The funding was geared toward revamping library collections across the country that focused on health equity. Some members of the council said they worried about what strings would be attached to money from the feds and asked Wolfe to send them a list of the materials she planned to buy before she did so.

That request garnered a lot of pushback from members of the community who alleged censorship. And eventually, the council backed down on that request and accepted the federal funds, totaling $1,500.

The fundraiser Kenai’s Todd Smith and Sovala Kisena started in response raised more than 10 times that amount.

Wolfe said the library is in the process of withdrawing its first request of about $3,000.

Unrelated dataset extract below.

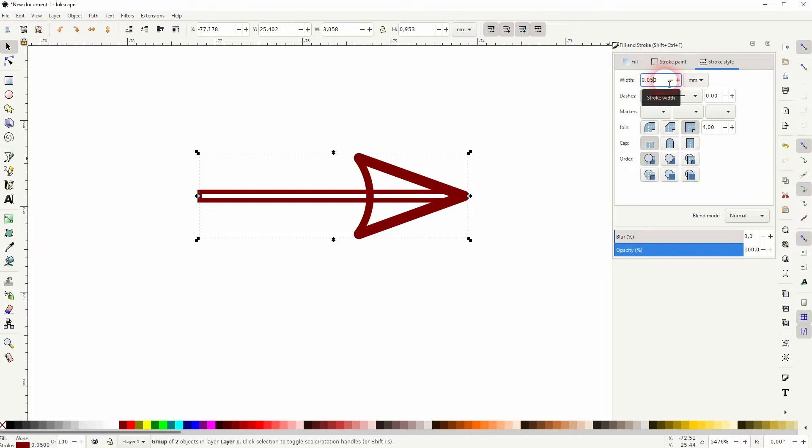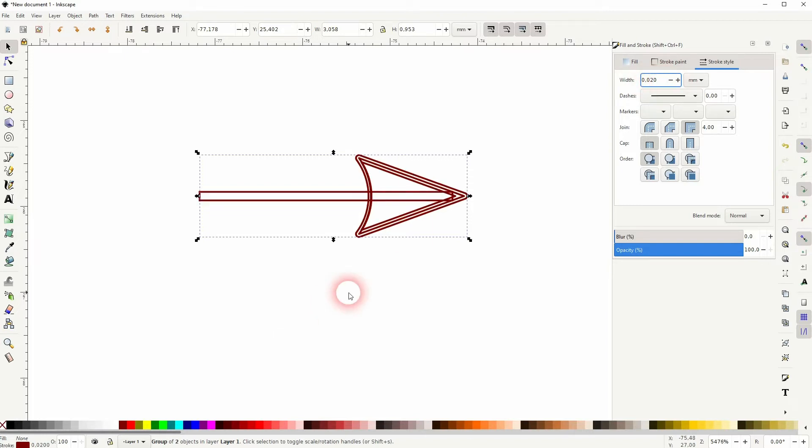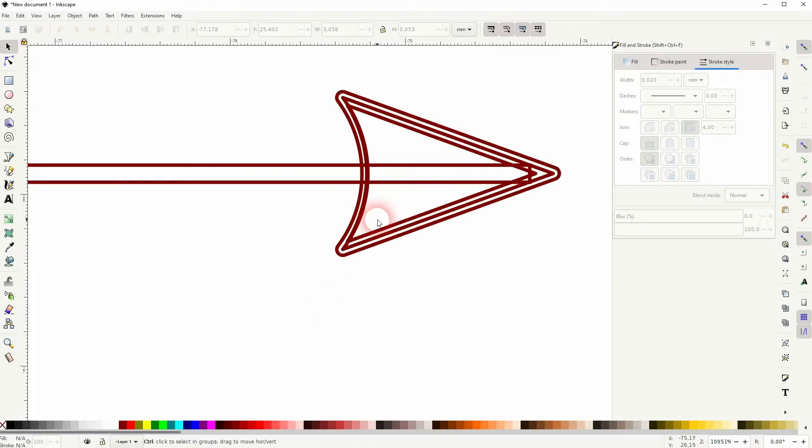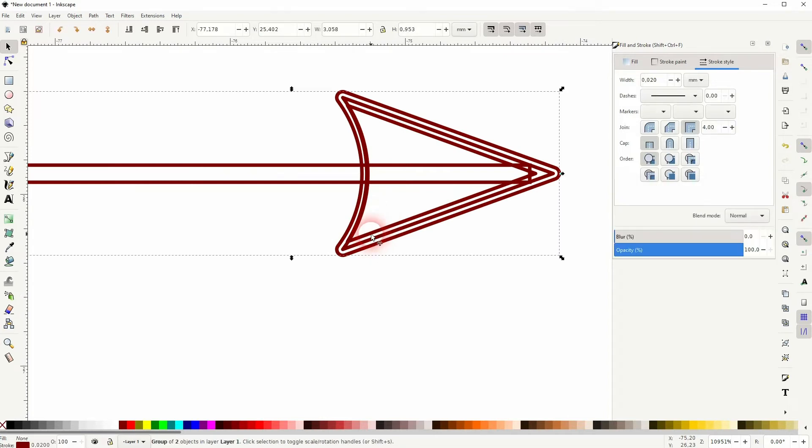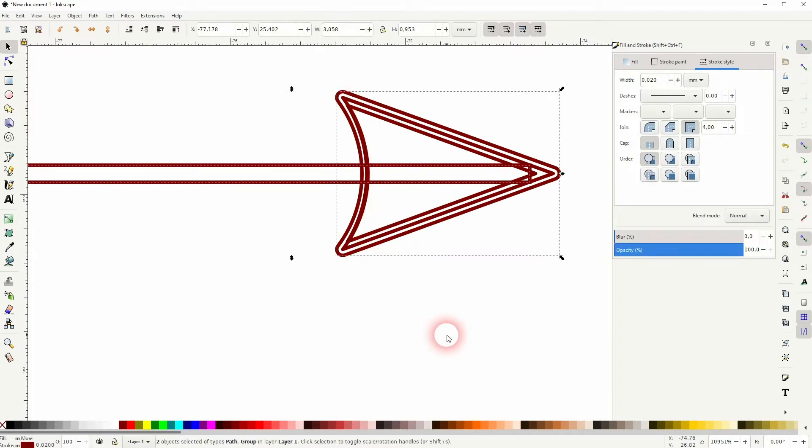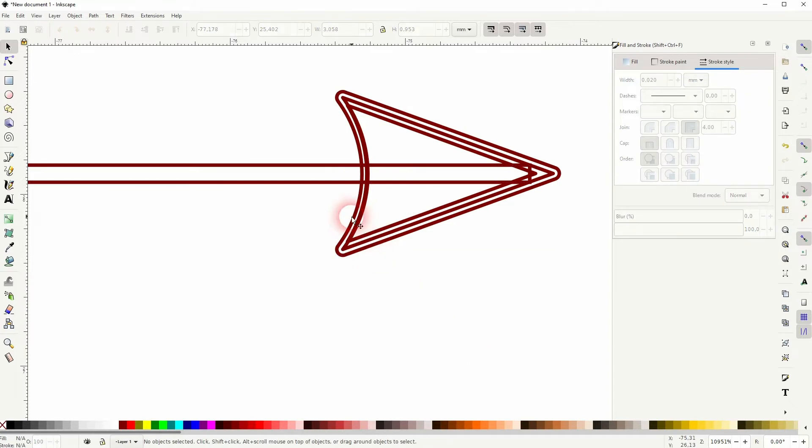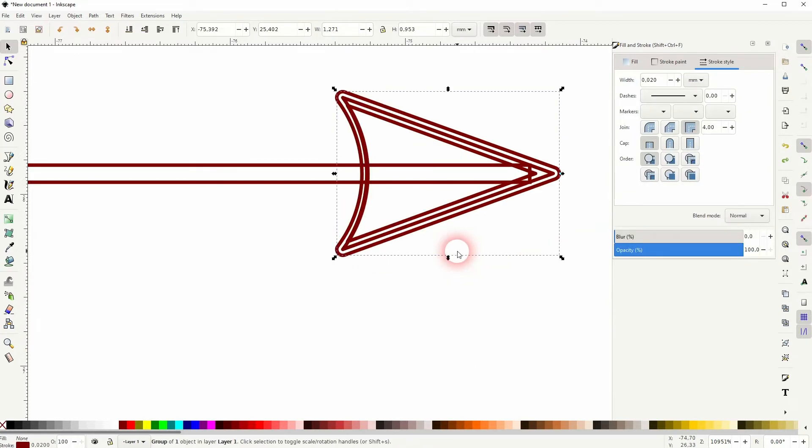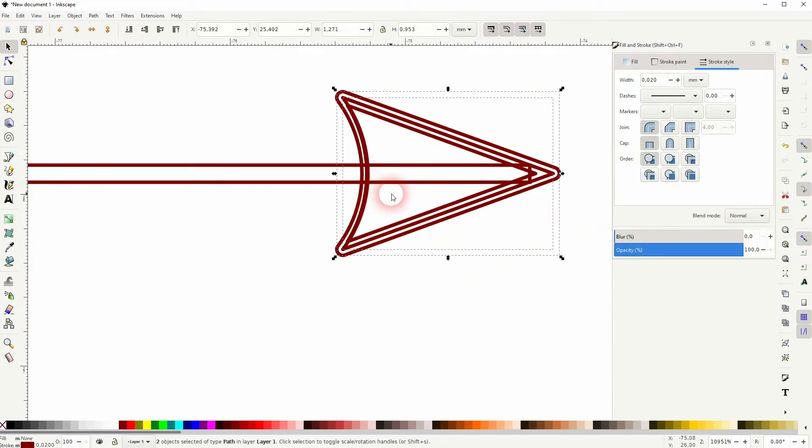You want to arrive at the point where the arrowhead gets these different strokes. Then select it all, Shift Ctrl G to ungroup—so we've got two elements now—and then Shift Ctrl G to ungroup once more, and you can drag these lines out of there.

“And with that money, we were hoping to refresh our easy readers and our easy chapters sections in the children’s area," she said. "They are very well-loved. We have a lot of books in there that have been in there for quite a few years that get checked out a lot. So they need to be replaced.”

She said they’re also hoping to put money into the library’s digital collections, including e-books and audiobooks. And they’d like to expand their Discovery Kits, which are hands-on STEM kits geared toward kids and available for checkout.

“It’s really exciting to have those funds available to work on projects that we might not otherwise be able to work on," she said. "So I am so grateful to the community that they gave us this money. And we’ll make sure we spend it wisely.”

Once the library decides how it’s going to spend the funds, it still needs to go back to the Kenai City Council for approval.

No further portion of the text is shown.